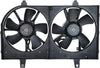 620360 Replacement Radiator/Condenser Cooling Fan Assembly for Select Nissan Vehicles , Black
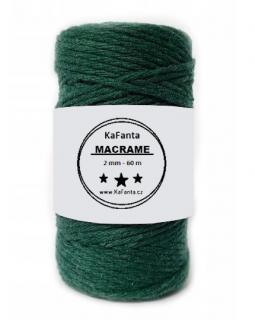 Macrame příze KaFanta 2mm/60m - zelená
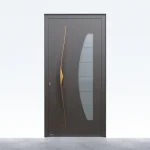 Aluminum Front Door 36x84" - Premium 6019 — thumbnail 2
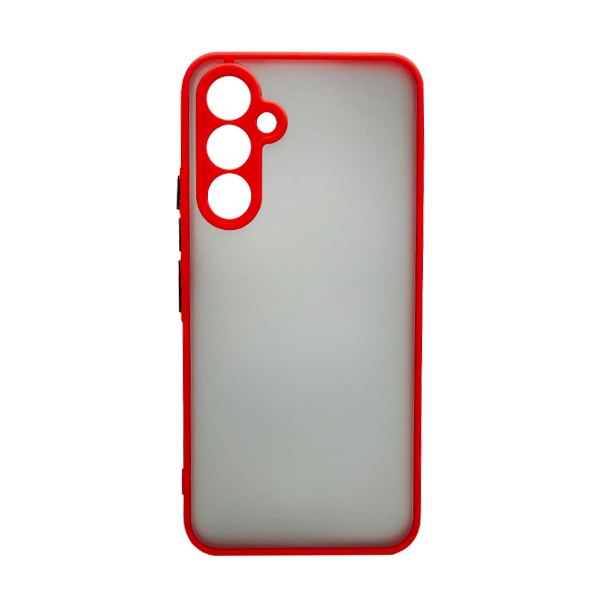 Чехол накладка Goospery Case для Samsung A34-2023/A346 Red with Camera Lens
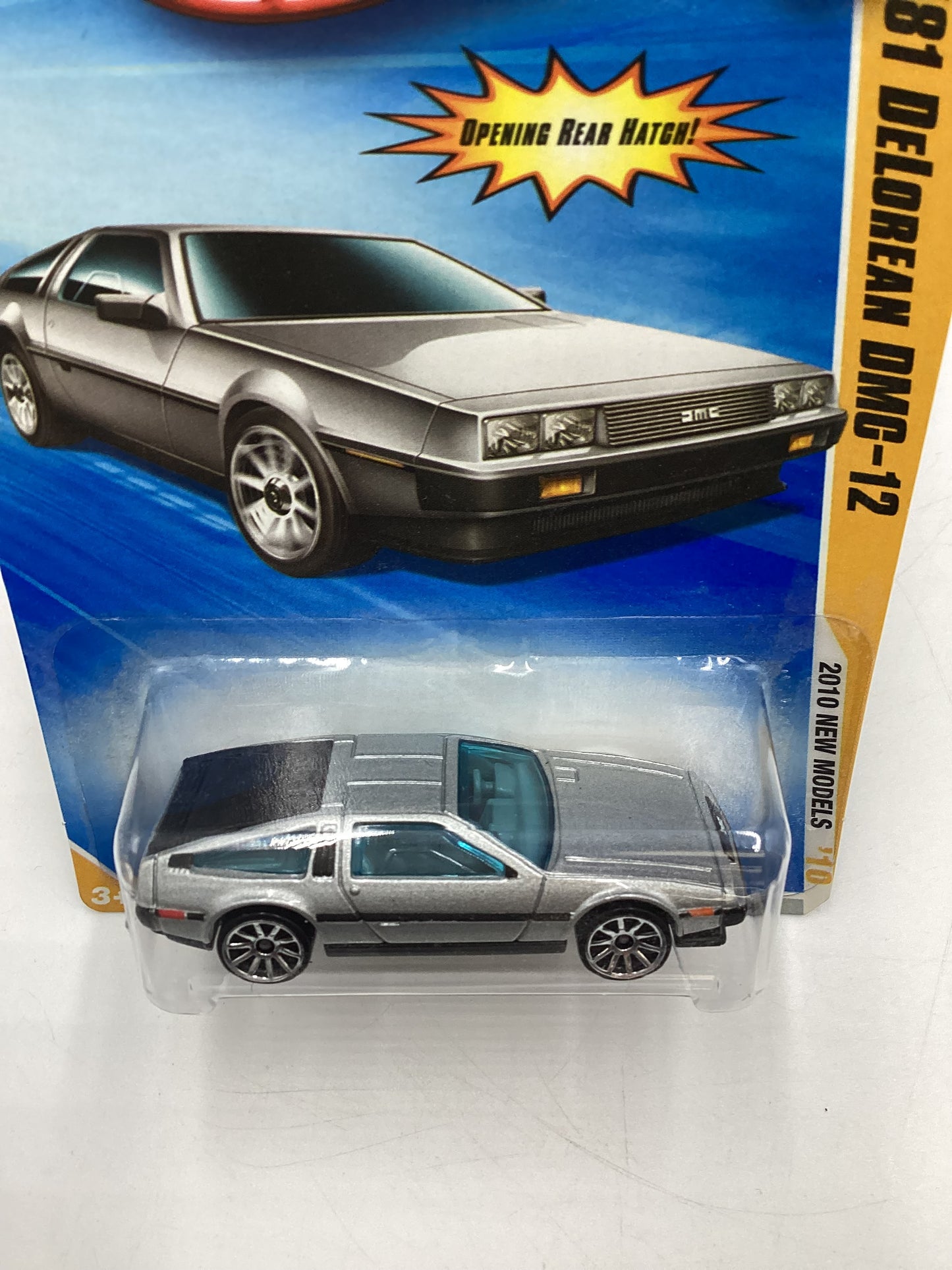 2010 Hot Wheels New Models #15 81 DeLorean DMC-12 Silver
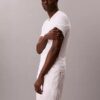 Camiseta de cuello en V de corte ajustado, paquete de 3, mezcla de Cotton Stretch Camiseta de cuello en V de corte ajustado, paquete de 3, mezcla de Cotton Stretch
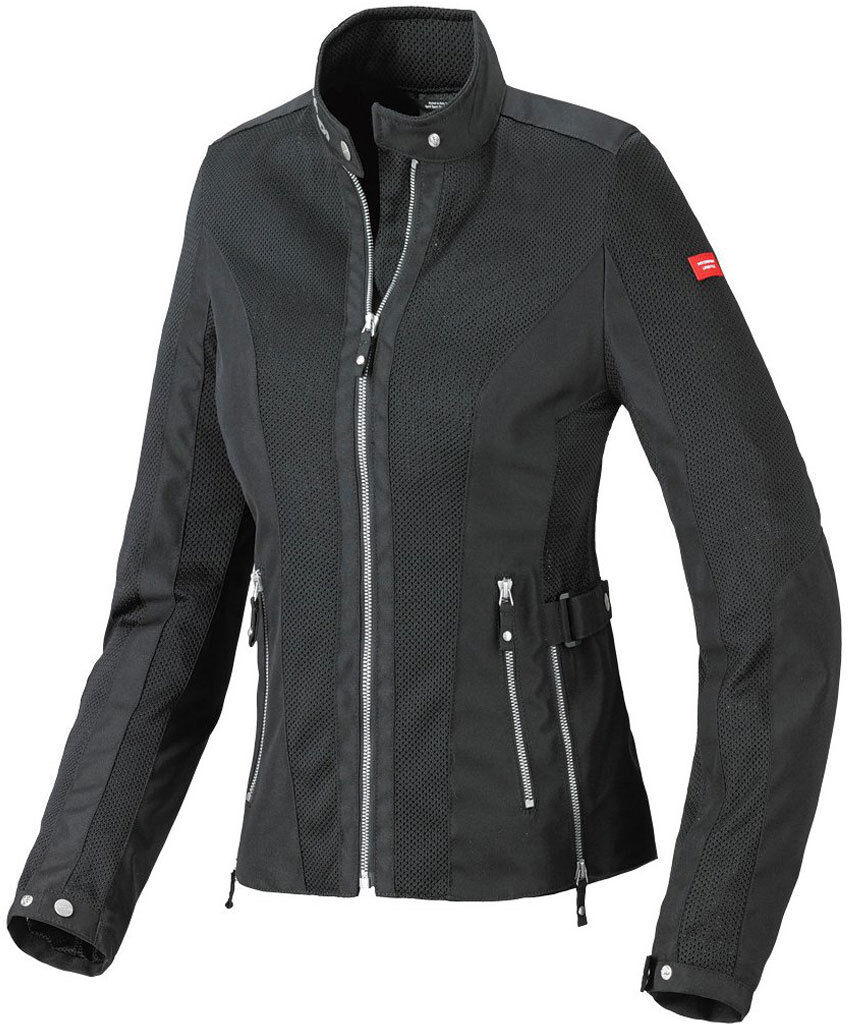 Spidi Summer Net Chaqueta textil para motocicletas para damas - Negro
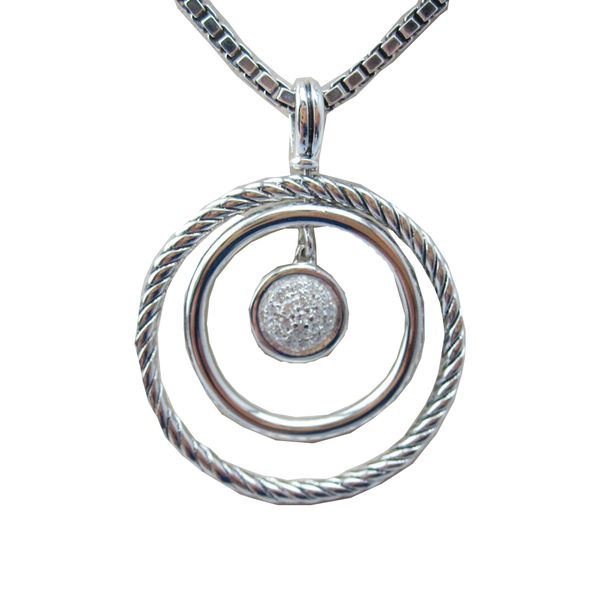 

necklace cable pendant design 925 silver women valentine's day gifts 2mm box chain 18 inches chain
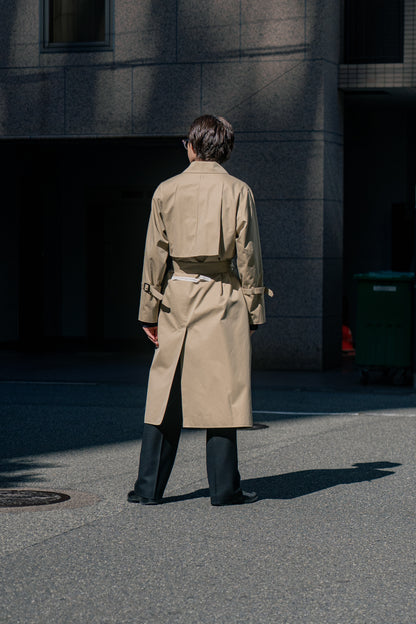 Pleats Yoke Coat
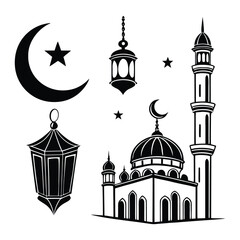 Ramadan Festival Vector Symbol Collection
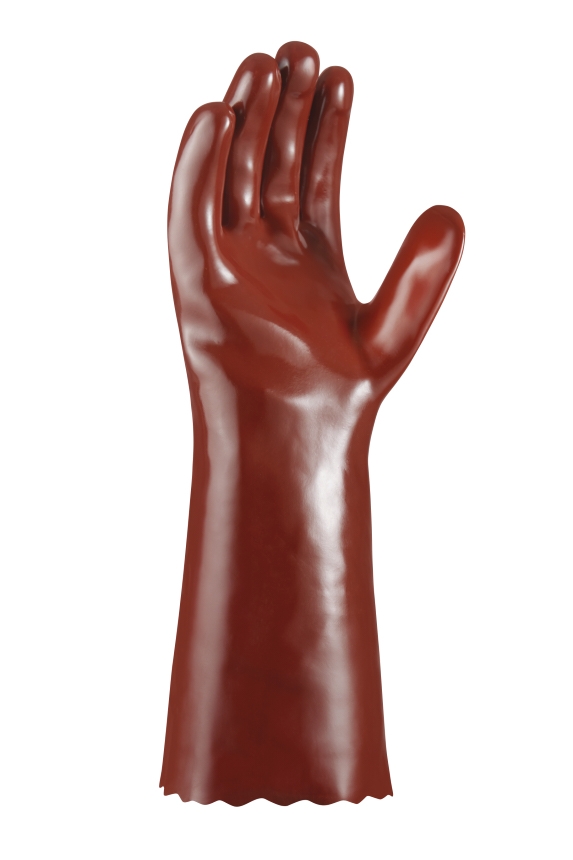 teXXor® Chemikalienschutz-Handschuhe PVC ROTBRAUN rotbraun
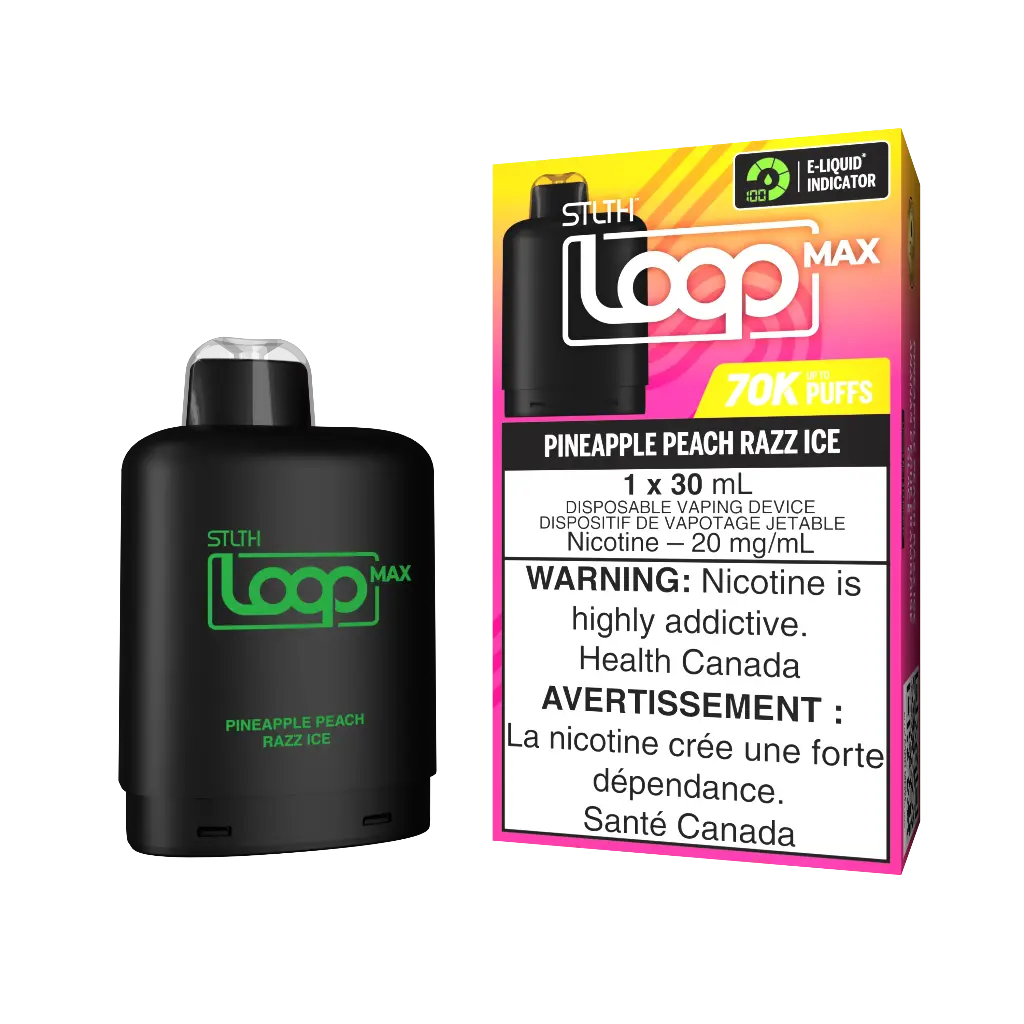 [LMX-PIN-PCH-RAZ] Loop Max - Pineapple Peach Razz Ice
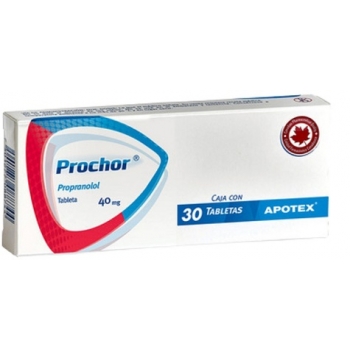 PROCHOR (PROPRANOLOL) 40MG 30 TABLETAS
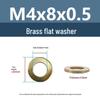 Yigu Durable Brass Flat Washers: M2-M12 Screws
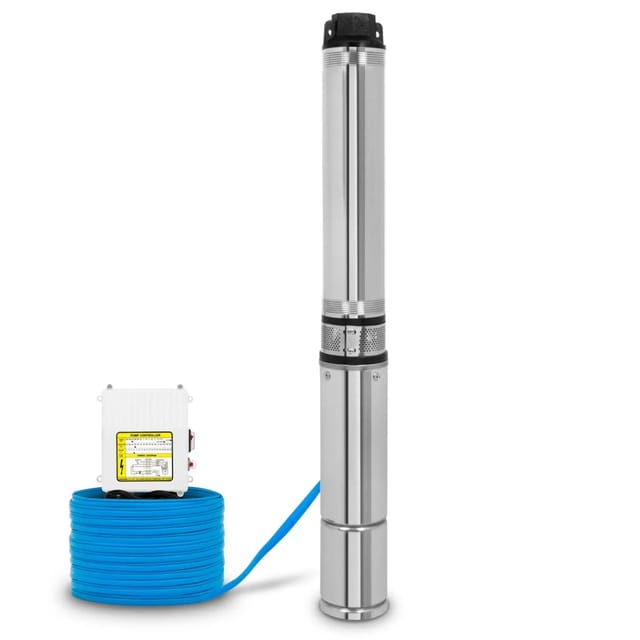 EBERTH 4 Zoll Tiefbrunnenpumpe 550W 1-1/2 Zoll Förderhöhe max. 43m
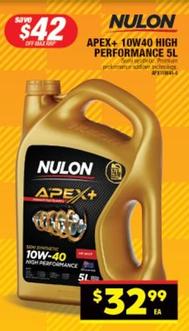 Engine oil offers at $42 in Auto One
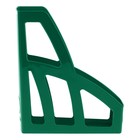 Лоток для бумаг вертикальный СТАММ "Лидер", зеленый, ширина 75мм - Фото 4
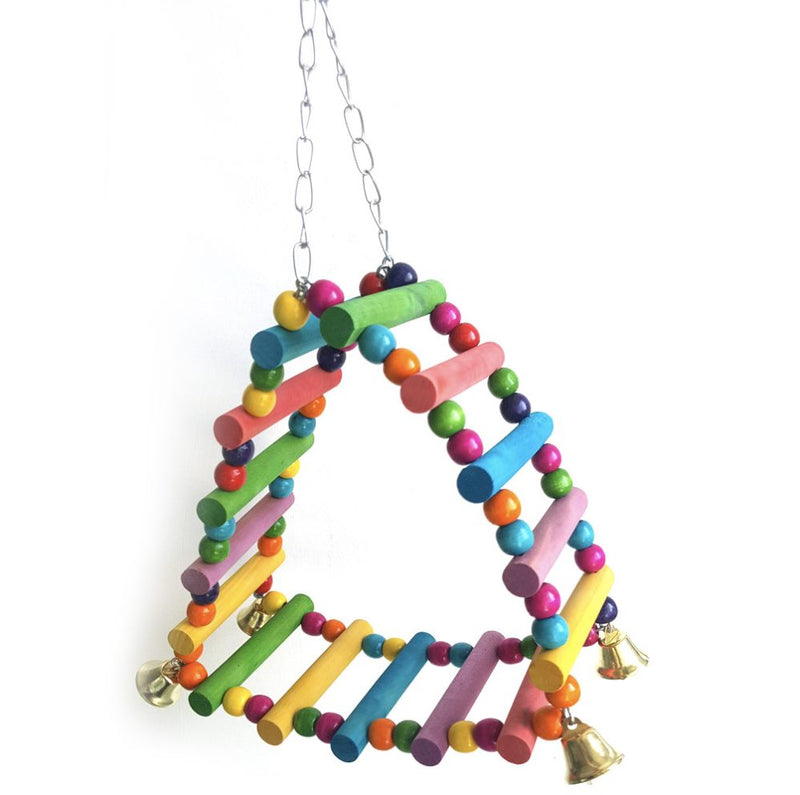 Bird Chewing Toy * Parrot Swing Toys Chewing Hanging Bell Cockatiel Cage Toy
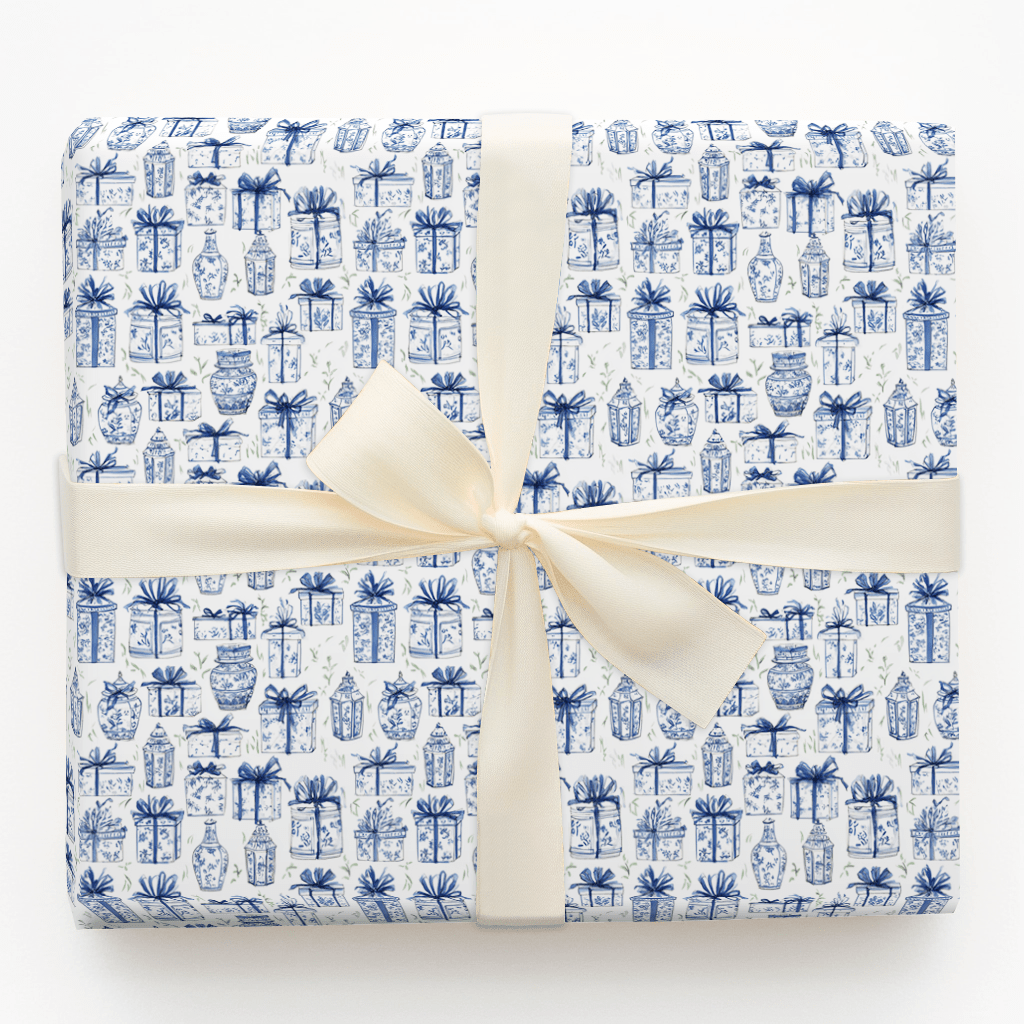 Wrapped in Blue - Wrapping Paper - Aspen & Arlo
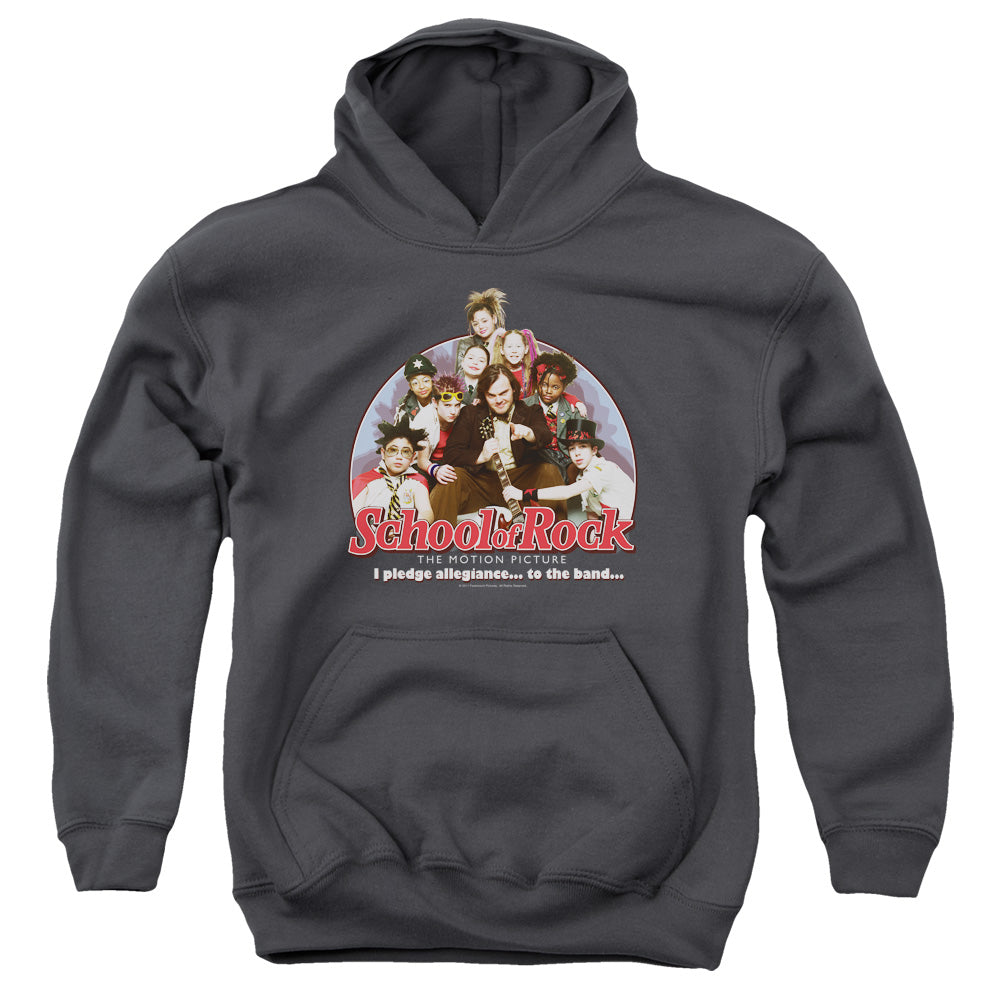 School Of Rock I Pledge Allegiance Kids Youth Hoodie Charcoal Officially Licensed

Problem details:
This task calls for the records to be copied exactly, without pictures.

Your solution:
 620360 Replacement Radiator/Condenser Cooling Fan Assembly for Select Nissan Vehicles , Black
 Macrame příze KaFanta 2mm/60m - zelená
 Aluminum Front Door 36x84" - Premium 6019 — thumbnail 2
 Чехол накладка Goospery Case для Samsung A34-2023/A346 Red with Camera Lens
 2010 Hot Wheels New Models #15 81 DeLorean DMC-12 Silver
 Camiseta de cuello en V de corte ajustado, paquete de 3, mezcla de Cotton Stretch Camiseta de cuello en V de corte ajustado, paquete de 3, mezcla de Cotton Stretch
 Spidi Summer Net Chaqueta textil para motocicletas para damas - Negro

necklace cable pendant design 925 silver women valentine's day gifts 2mm box chain 18 inches chain
 Pleats Yoke Coat
 Ramadan Festival Vector Symbol Collection
 teXXor® Chemikalienschutz-Handschuhe PVC ROTBRAUN rotbraun
 [LMX-PIN-PCH-RAZ] Loop Max - Pineapple Peach Razz Ice
 PROCHOR (PROPRANOLOL) 40MG 30 TABLETAS
 Yigu Durable Brass Flat Washers: M2-M12 Screws
 EBERTH 4 Zoll Tiefbrunnenpumpe 550W 1-1/2 Zoll Förderhöhe max. 43m
 Engine oil offers at $42 in Auto One
 Лоток для бумаг вертикальный СТАММ "Лидер", зеленый, ширина 75мм - Фото 4
 Bird Chewing Toy * Parrot Swing Toys Chewing Hanging Bell Cockatiel Cage Toy
 Wrapped in Blue - Wrapping Paper - Aspen & Arlo
 School Of Rock I Pledge Allegiance Kids Youth Hoodie Charcoal Officially Licensed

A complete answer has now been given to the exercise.